Every critic on the planet has noted the connection between Bennett's novel, rooted in the soil of one light-skinned twin sister's decision to abandon her past and pass as white, and Nella Larsen's groundbreaking Passing. And to every critic I can find, this book is about race. And it is. But it is also more than that.
Desiree and Stella grew up in Mallard, Louisiana, a place that doesn't appear on maps and ultimately disappears altogether. But the people of Mallard, and their intense colorism, were real. Desiree and Stella leave the town as teenagers, and without warning, their lives take very different paths: Desiree to an abusive marriage which causes her to return home with her daughter Jude; and Stella to a job and then a marriage, both accomplished because everyone thought she was white.

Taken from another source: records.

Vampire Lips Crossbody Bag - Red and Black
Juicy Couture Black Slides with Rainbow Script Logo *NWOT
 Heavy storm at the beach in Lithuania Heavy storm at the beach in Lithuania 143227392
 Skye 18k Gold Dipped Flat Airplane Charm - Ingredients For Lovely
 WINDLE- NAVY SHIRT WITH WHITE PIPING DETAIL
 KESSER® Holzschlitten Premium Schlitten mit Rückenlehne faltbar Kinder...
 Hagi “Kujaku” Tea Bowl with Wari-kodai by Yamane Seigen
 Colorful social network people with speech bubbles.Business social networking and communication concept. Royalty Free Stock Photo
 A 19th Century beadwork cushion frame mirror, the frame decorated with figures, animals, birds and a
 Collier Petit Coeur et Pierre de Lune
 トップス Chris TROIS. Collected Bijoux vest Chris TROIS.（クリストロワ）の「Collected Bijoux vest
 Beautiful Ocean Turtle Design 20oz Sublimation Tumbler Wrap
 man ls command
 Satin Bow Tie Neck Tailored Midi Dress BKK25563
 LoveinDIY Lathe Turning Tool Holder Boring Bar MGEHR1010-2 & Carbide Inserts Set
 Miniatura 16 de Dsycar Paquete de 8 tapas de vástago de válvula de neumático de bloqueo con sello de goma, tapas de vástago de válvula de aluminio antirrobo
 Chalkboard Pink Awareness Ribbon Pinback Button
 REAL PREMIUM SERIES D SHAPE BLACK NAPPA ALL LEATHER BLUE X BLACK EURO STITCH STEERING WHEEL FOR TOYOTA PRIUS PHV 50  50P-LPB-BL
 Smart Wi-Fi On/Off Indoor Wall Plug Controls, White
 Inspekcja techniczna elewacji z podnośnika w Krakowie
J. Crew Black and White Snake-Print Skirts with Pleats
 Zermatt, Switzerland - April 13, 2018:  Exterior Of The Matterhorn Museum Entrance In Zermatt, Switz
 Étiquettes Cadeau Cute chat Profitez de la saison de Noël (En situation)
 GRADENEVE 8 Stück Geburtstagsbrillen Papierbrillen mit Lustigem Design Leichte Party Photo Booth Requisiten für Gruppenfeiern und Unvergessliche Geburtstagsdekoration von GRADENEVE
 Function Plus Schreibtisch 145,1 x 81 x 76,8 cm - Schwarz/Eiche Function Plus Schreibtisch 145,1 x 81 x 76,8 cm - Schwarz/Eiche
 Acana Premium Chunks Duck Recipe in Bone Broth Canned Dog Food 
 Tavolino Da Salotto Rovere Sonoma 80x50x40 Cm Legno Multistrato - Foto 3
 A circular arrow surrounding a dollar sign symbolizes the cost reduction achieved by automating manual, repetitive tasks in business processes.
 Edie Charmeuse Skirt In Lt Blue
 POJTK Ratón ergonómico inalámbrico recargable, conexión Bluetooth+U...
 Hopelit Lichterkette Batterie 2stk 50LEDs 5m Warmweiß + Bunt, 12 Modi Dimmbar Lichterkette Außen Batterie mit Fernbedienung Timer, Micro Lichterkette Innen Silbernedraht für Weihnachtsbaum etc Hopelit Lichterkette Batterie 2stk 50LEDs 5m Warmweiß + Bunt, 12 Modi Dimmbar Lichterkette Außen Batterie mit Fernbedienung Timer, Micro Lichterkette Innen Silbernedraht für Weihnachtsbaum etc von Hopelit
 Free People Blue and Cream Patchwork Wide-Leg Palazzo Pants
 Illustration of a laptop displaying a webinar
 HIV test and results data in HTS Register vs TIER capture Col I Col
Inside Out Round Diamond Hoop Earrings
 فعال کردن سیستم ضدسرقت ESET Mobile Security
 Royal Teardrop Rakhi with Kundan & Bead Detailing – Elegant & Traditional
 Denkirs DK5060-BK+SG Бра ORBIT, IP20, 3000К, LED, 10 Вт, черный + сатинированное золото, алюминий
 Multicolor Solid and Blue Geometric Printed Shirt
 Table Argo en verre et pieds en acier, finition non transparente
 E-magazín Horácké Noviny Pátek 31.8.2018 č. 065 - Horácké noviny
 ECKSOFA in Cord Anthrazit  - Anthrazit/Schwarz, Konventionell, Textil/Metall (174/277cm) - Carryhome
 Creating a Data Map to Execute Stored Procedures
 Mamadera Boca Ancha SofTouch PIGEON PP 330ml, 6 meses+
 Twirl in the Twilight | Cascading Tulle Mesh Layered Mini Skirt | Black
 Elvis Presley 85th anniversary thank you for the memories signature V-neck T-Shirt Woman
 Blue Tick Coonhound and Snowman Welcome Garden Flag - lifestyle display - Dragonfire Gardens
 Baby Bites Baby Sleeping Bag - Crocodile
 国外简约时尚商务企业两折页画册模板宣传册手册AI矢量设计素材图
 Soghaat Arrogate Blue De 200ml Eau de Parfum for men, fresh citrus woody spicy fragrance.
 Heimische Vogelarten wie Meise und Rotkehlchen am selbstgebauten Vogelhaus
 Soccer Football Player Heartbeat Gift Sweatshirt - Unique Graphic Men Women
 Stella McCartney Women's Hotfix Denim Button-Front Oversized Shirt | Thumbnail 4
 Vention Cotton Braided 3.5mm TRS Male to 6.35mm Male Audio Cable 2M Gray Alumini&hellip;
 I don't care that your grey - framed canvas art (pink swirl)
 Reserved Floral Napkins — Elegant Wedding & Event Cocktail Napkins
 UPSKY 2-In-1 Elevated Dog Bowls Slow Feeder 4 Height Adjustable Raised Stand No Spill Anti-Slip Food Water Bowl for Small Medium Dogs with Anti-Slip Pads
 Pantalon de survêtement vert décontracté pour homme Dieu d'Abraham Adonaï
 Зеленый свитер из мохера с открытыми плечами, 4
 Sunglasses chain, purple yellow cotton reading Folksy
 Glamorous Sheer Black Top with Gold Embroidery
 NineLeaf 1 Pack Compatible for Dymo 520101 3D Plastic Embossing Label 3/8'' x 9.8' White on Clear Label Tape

Stella's decision to pass is a real and important part of the story. She is Black, and she lives as White, and every day, she lives with that tension. But to reduce this book to a story of a Black woman passing is to put it back in Larsen's time. And it is decidedly more.
There are reviewers who have argued the strength of the novel is in those sisters. They feel the novel is weakened when it widens to include the experiences of Desiree and Stella's daughters. I must respectfully, but full-throatedly, disagree. The book is about those daughters and the continued experience, the ongoing lineage, of the trauma that occurs when your body feels like a betrayal.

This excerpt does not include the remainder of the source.